--- SOURCE DATA ---

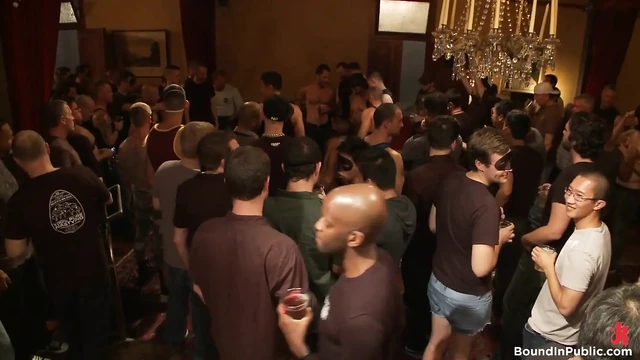 Live Shoot: Dirk Caber and 200 Horny Men at Folsom Weekend Party.
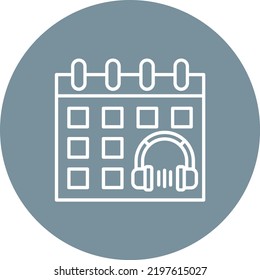Icono de vector de calendario. Se puede usar para imprimir, móviles y aplicaciones web.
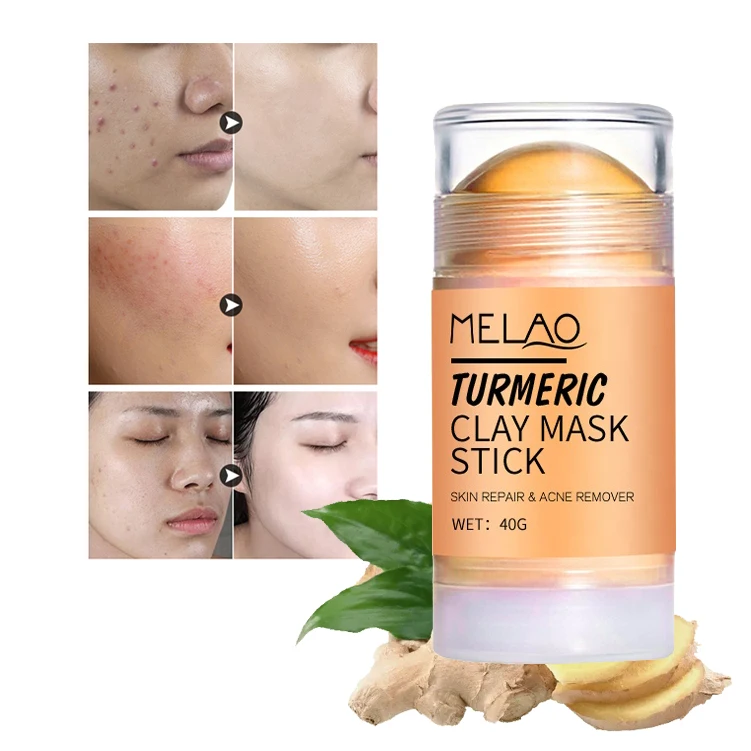 

Private Label Natural Organic Effective Deep Cleansing Pore Detox Moisturizing Turmeric Clay Mud Mask Stick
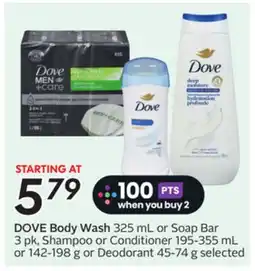 Sobeys Body Wash offer
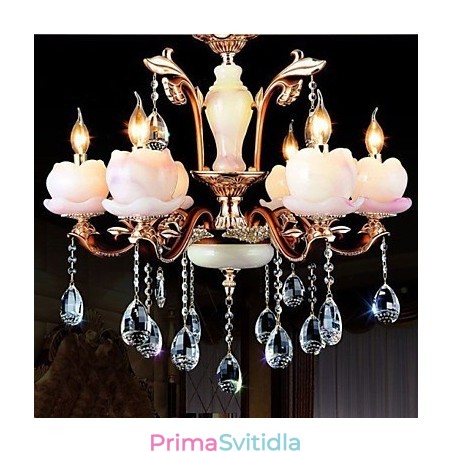 Luxusní přívěsek ze zinkové slitiny Jade Crystal v evropském stylu Luxusní přívěsek ze zinkové slitiny Jade Crystal v evropském stylu
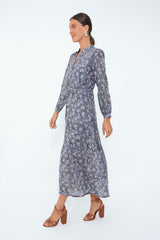 Midnight Wildflower Organic Frances Dress 3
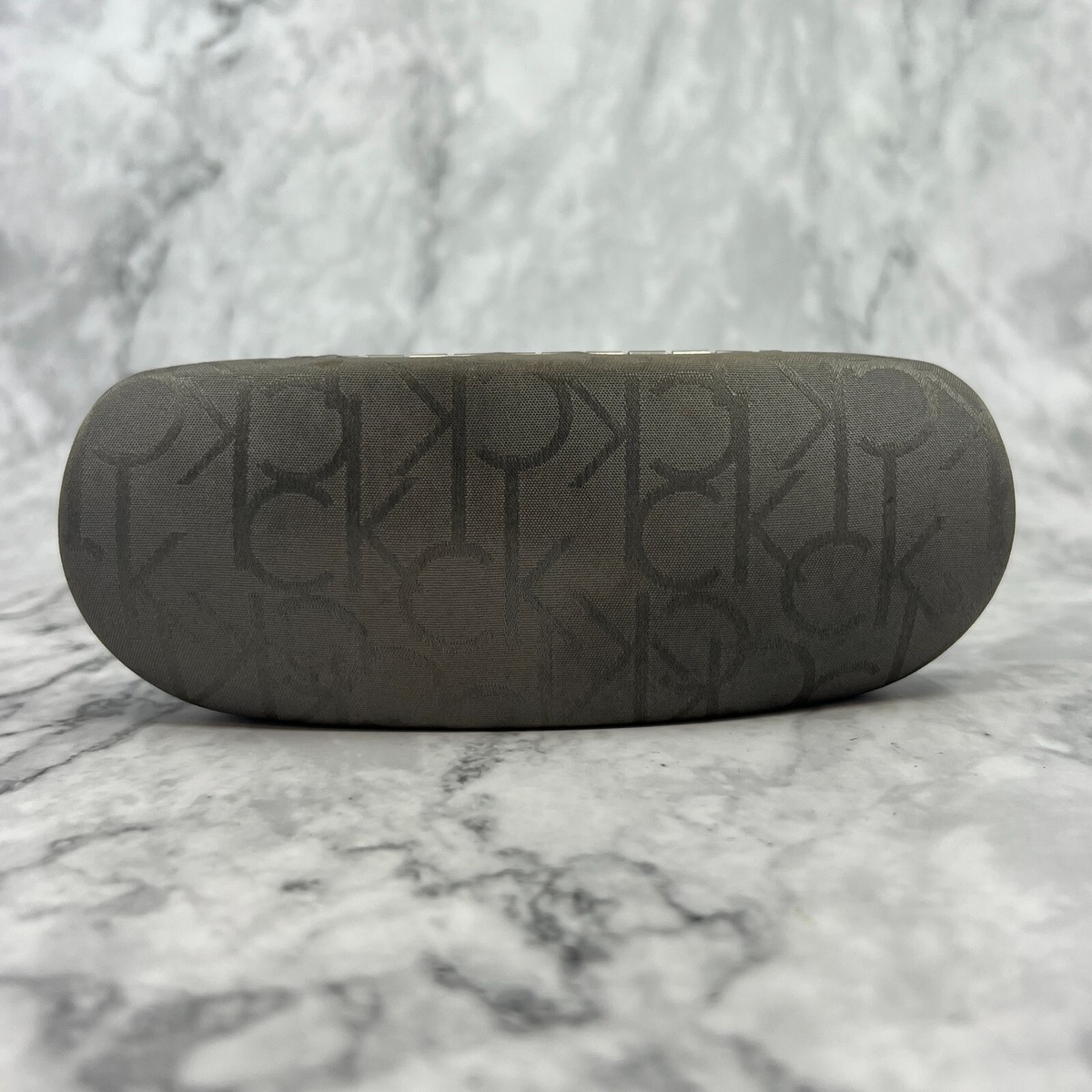 Calvin Klein Signature Gray Sunglasses Eyeglasses Hard Case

---

— WHAT YOU ARE ASKED TO DO —
Only these lines belong in the answer: the first line of the listing above through the line holding "Sobeys Body Wash offer", printed exactly and without pictures.

— SOLUTION FOR THIS PROBLEM —
 Live Shoot: Dirk Caber and 200 Horny Men at Folsom Weekend Party.
Icono de vector de calendario. Se puede usar para imprimir, móviles y aplicaciones web.

Private Label Natural Organic Effective Deep Cleansing Pore Detox Moisturizing Turmeric Clay Mud Mask Stick
 Sobeys Body Wash offer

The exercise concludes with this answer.